DIRECTIONS FOR THIS TASK:
Starting from the top of the entries below and ending with the line containing "Welcome to JG", restate every line word for word, pictures omitted.

Data excerpts:
• • • • •
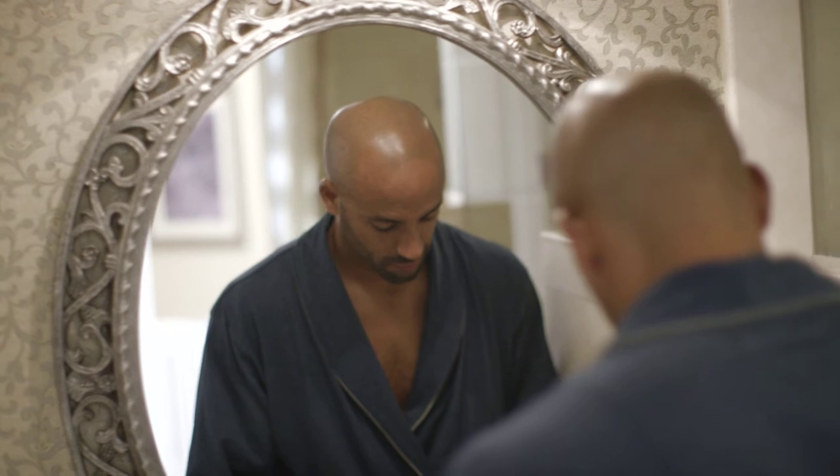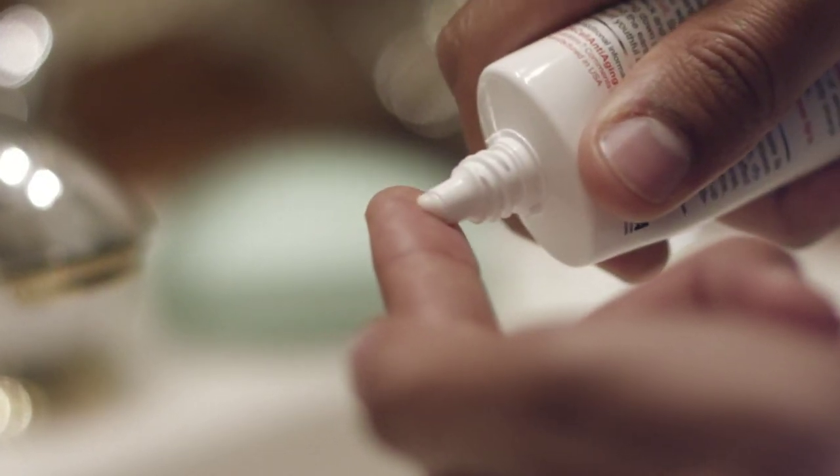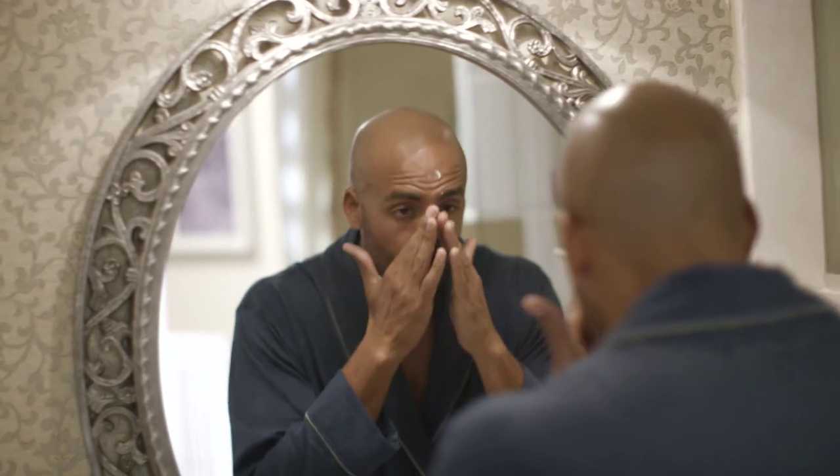First, after your face is fresh and clean, apply a dime-size amount onto your fingertip. Then, apply the cream onto the targeted areas of your face, such as your forehead, around your nose and cheeks, mouth, eyes, and neck.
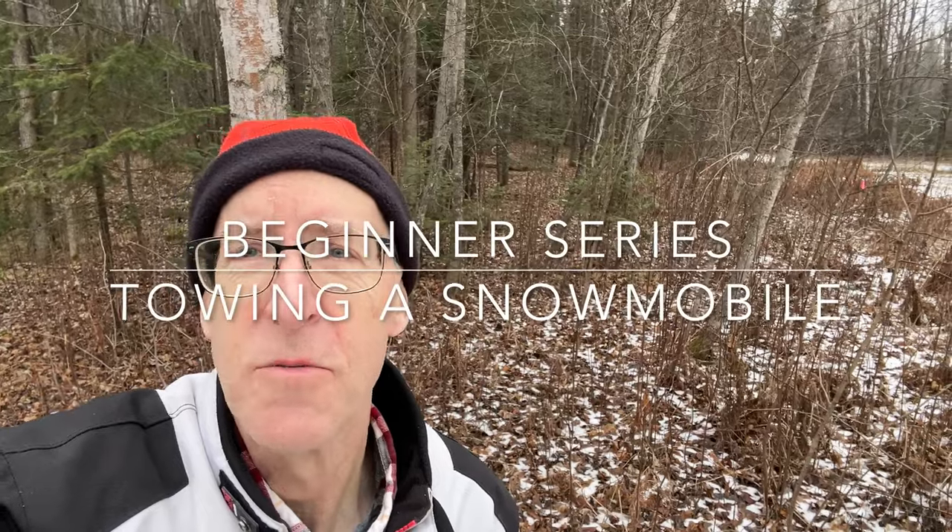Did you break down already? Don't worry about it, I got you covered. In this video I'm going to explain how to get towed home.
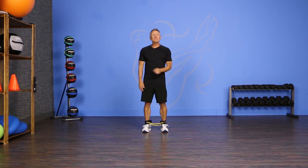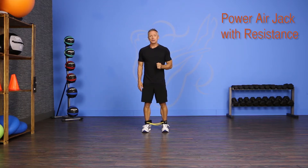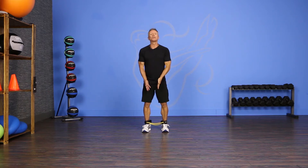Welcome to JG Fit TV. I'm John Gary here to show you the move of the day in half a minute, and today we have an advanced move called a power air jack with resistance. Please try this first without ankle cuffs before you proceed to this more challenging variation. Let's move.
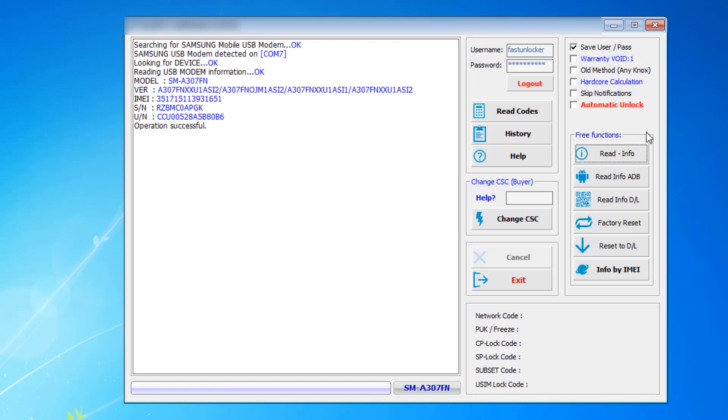Any Samsung phone asking for an unlock code will work with this software. Samsung Note series, Galaxy S series, A series, J series, M series — any series is supported in this software. After reading the code, just insert a SIM card in the phone, switch it on, and when the phone asks for a code, just enter it. It is very simple.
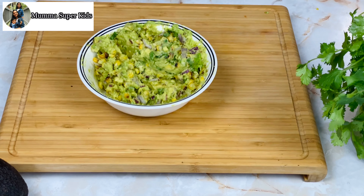Add salt and all the seasonings, then add lime juice and combine everything. To store guacamole, press plastic wrap very close to the surface and then refrigerate it. I have already made a video with detailed information about how to store avocado and guacamole — you can find the link in the description box along with other avocado recipes.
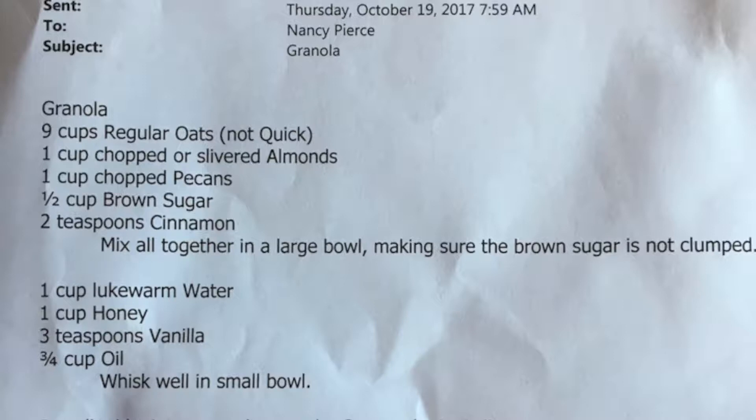I'm going to throw a picture up on screen right now of the recipe. These measurements are going to make a whole big bowl full of granola. I'm only going to be here for a couple more days so I'm only making half the recipe - all the ingredients you see right now I'll be using half of. Go ahead and screenshot this - these are all the ingredients you'll need.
• • • • •
RESPONSE AREA:
First, after your face is fresh and clean, apply a dime-size amount onto your fingertip. Then, apply the cream onto the targeted areas of your face, such as your forehead, around your nose and cheeks, mouth, eyes, and neck.
Did you break down already? Don't worry about it, I got you covered. In this video I'm going to explain how to get towed home.
Welcome to JG Fit TV. I'm John Gary here to show you the move of the day in half a minute, and today we have an advanced move called a power air jack with resistance. Please try this first without ankle cuffs before you proceed to this more challenging variation. Let's move.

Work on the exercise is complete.